We may be one of the first companies to have an “audience engagement executive”, and she has a team under her. The very obvious thing they work on is social media content in different formats. But we try to be creative, like putting up a crossword based on the podcast, all kinds of things that will pop up on Instagram that people can sort of have fun with. I have a podcast about the future of work, and we've done live sessions on LinkedIn. So, each show has their own kind of interesting engagement points. I also do a guitar show. When we were emerging from the pandemic and restrictions were being lifted, we rented out a recording studio and had an open jam for guitarists. Last year we did a gig that was a concert but also featured a poetry reading and art.
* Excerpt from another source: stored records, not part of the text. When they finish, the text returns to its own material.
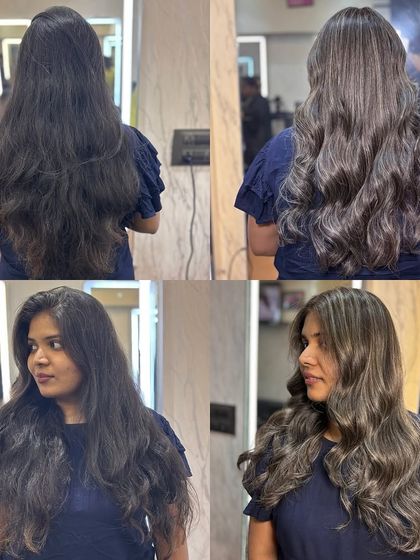 The complete before and after of the creamy ash transformation. The change is dramatic yet looks incredibly natural.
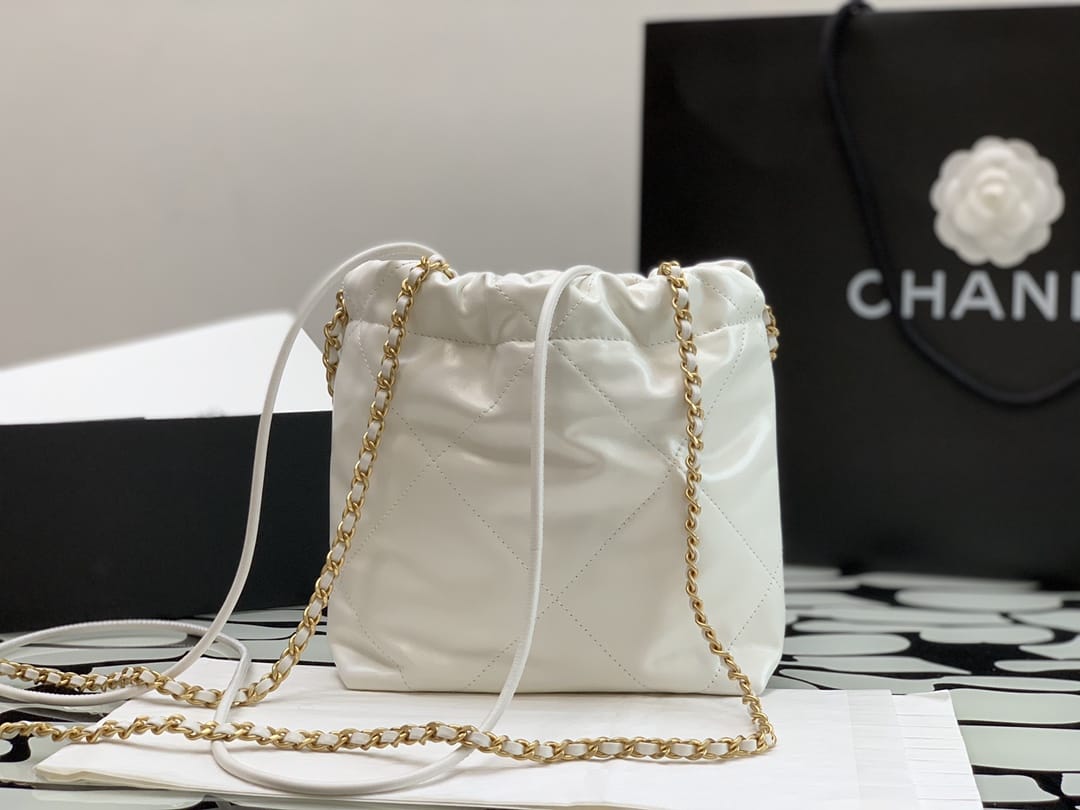 CHANEL 22 Mini Hobo Bag in Shiny Calfskin - White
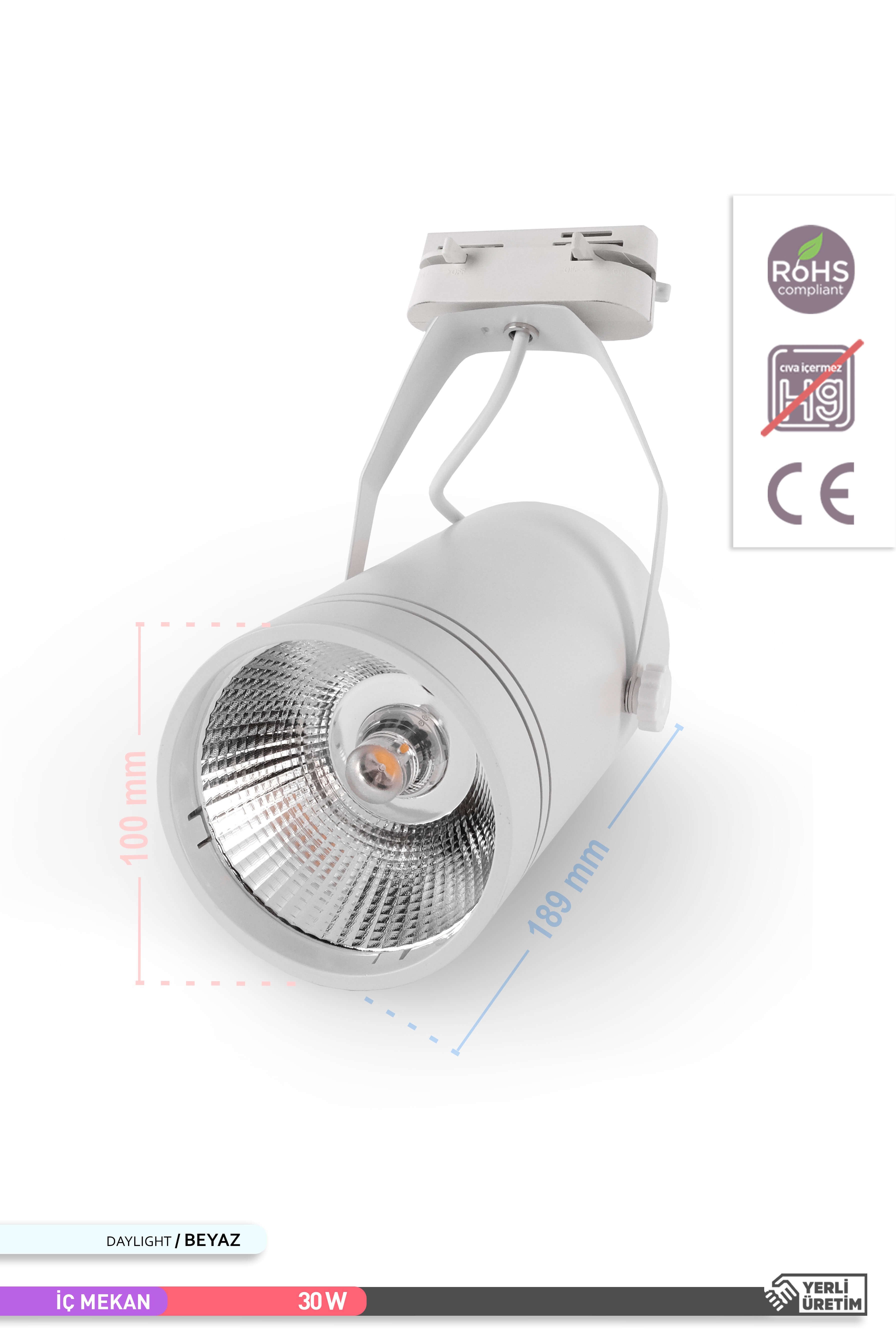 ACK COB LED Monofaze Ray Armatürü Beyaz Gövde Çift Ayaklı 6500K Beyaz Işık 30W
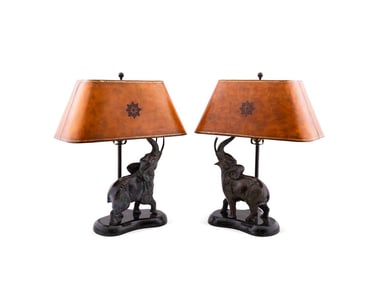 MAITLAND-SMITH, PAIR OF BRONZE ELEPHANT LAMPS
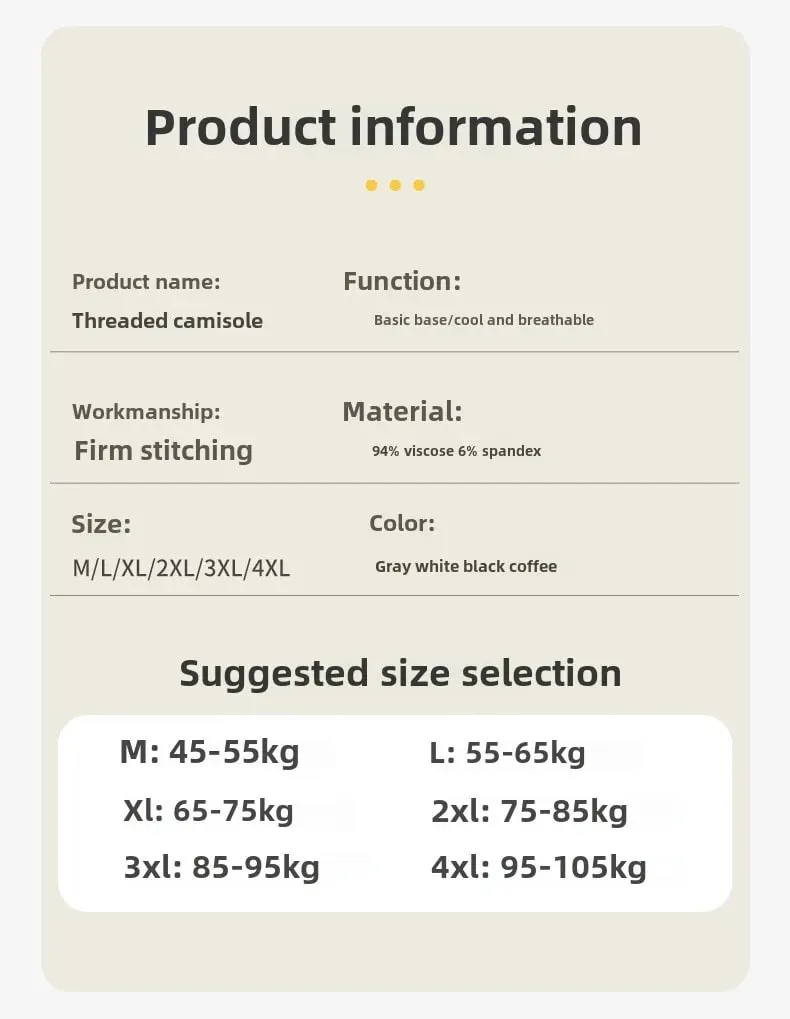 M-4XL für 45–105 kg, gefädeltes Baumwoll-Camisole-Top in Übergröße mit integriertem BH für Damen, modale, nahtlose Unterwäsche, Tank-Tops — image 7
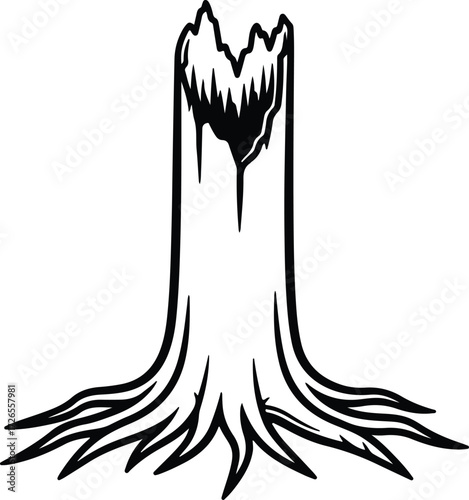 Vector Tree stump decaying trunk wood silhouette Illustrator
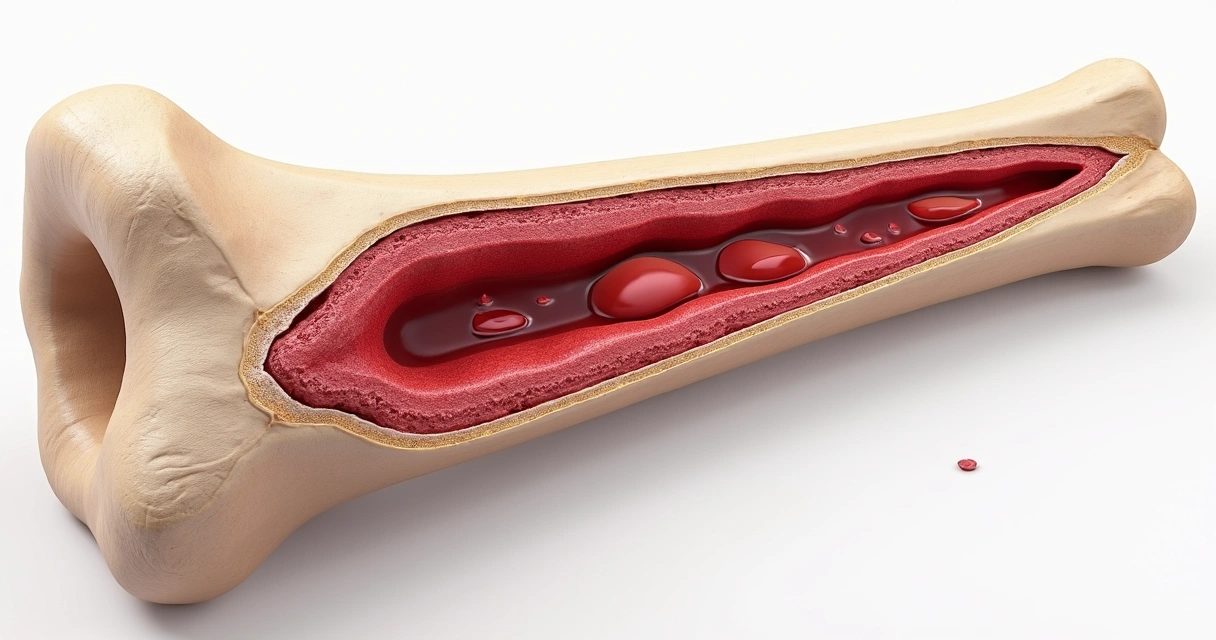 Desenho explicativo mostrando medula óssea humana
We try these different ways that we think will get people to interact with our content.
Who exactly are people interacting with at these events? The podcasters?
For one, they want to interact with us. We’ve held focus group discussions and found that people want to hang out with us, which was very weird for us introverts. So basically, we hosted an afternoon hangout meeting. And at the end of the official event, people hung out with each other longer, and some of them wound up going to gigs together that evening. People want to connect with other people listening to the podcasts they love. They’re looking for us, but they're also looking for each other.
When should podcasters start thinking about these creative ideas around engagement? Is it important that you have an established audience already or should you start with engagement from the very beginning?
We always consider the type of content a show has and then build out an engagement strategy around that. So, our Twitter Spaces were built around talking about news stories from a news podcast. The guitar jam provided people who’d never played guitar with other people a safe space. It’s funny, one of the guys who came had zero experience playing with other people. But he'd written songs during the pandemic. So, he showed up and suddenly felt like he had locked into a community. It was great to see. So, you can’t necessarily determine the kind of experience you're creating, but you’re making a platform for those experiences. And you see what happens.
This interview was edited for length and clarity.